Claims regarding a potentially compromised healthcare software vendor were originally announced by “DarkOverLord,” previously known as one of the members of Hell Community and The Real Deal Marketplace (TRD) which enables cybercriminals to commercially transact various exploits and compromised data. However, the threat actor did not explicitly name the software vendor, speculating that the stolen source codes were related to EMR/HER systems.

In fact, DarkOverLord attempted to extort the victim, contacting PilotFish through a Twitter account that has subsequently been deleted:

 

DarkOverload Tweet

 

InfoArmor has gathered additional intelligence from various sources in order to analyze this alleged compromise and potential data breach. According to our intelligence, the bad actors may have compromised a corporate SVN server from which they have stolen different application source codes written in JAVA:

 

Pilotfish Java Source code

 

Some of the listings and filenames in the source codes appear to point to possible business applications developed by PilotFish Technologies. The listing includes strings like “pieadmin”, “EIPExecutor”, “eip-server”, shown below:

 

Filelist

 

Filelist

 

Filelist

 

In addition to source codes, some compilation instructions have the specific usernames of PilotFish employees, creating further risk to the organization:

 

Erik Whittiker

 

 

Erik's Linked in Profile

 

Further, the threat actor claims to have access to their customer database, which they accessed in order to steal records and information about the specific clients of the company. This information includes customer credentials, which can easily be used for targeted spear phishing attacks:

Targeted spear phishing attacks

The initial analysis shows that most of the users from various companies, including healthcare organizations using PilotFish software, were extracted from the customer licensing system:

 

Tables in licensing system

 

The breached database includes 1787 different companies from the US, Canada, Australia, China, and various EU-based countries. This is clearly a risk to users of PilotFish Technologies software, particularly within the Healthcare industry, and should raise significant concerns regarding the potential associated with third party providers being targeted by cyber criminals.

 

Breached Database

 

 

Users list and Details

 

Given the size of the global Healthcare IT market, valued at over USD 41.2 billion, there are many vendors and suppliers working to provide a wide variety of solutions to the Healthcare Industry. The introduction of technologically advanced software systems including hospital information systems, ambulatory care management systems, patient management system, EMR/EHR and e-prescription systems, is expected to continue driving industry growth and adoption of new technologies over the forecast period.

 

Growth Graph

 

As demand for new systems and technology accelerates, this growth will also increase the threat of cyber-attack as cyber criminals continue to look for ways to exploit this growth for their own gain. As new systems are adopted, attack surfaces grow and new threat vectors emerge, fueling cyber-crime.

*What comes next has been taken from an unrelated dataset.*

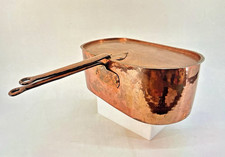 Antique French Copper Daubiere Braising Pan & Lid Dovetail Beveled Edges 5x13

InfoArmor’s purpose is to notify healthcare organizations regarding the significant interest that cybercriminals have in infiltrating and exploiting the Healthcare Industry at large.  Whether the result is ransomware, stolen PII/PHI, targeted spear phishing attacks or other exploitation, the consequences can have a dramatic impact. As shown by this intelligence briefing, the risks to your organization extend well beyond your perimeter to healthcare software vendors and any third party technology provider.  InfoArmor has notified the NH-ISAC (National Healthcare ISAC) as well as other appropriate parties in order for further risk mitigation and incident response measures to be enacted.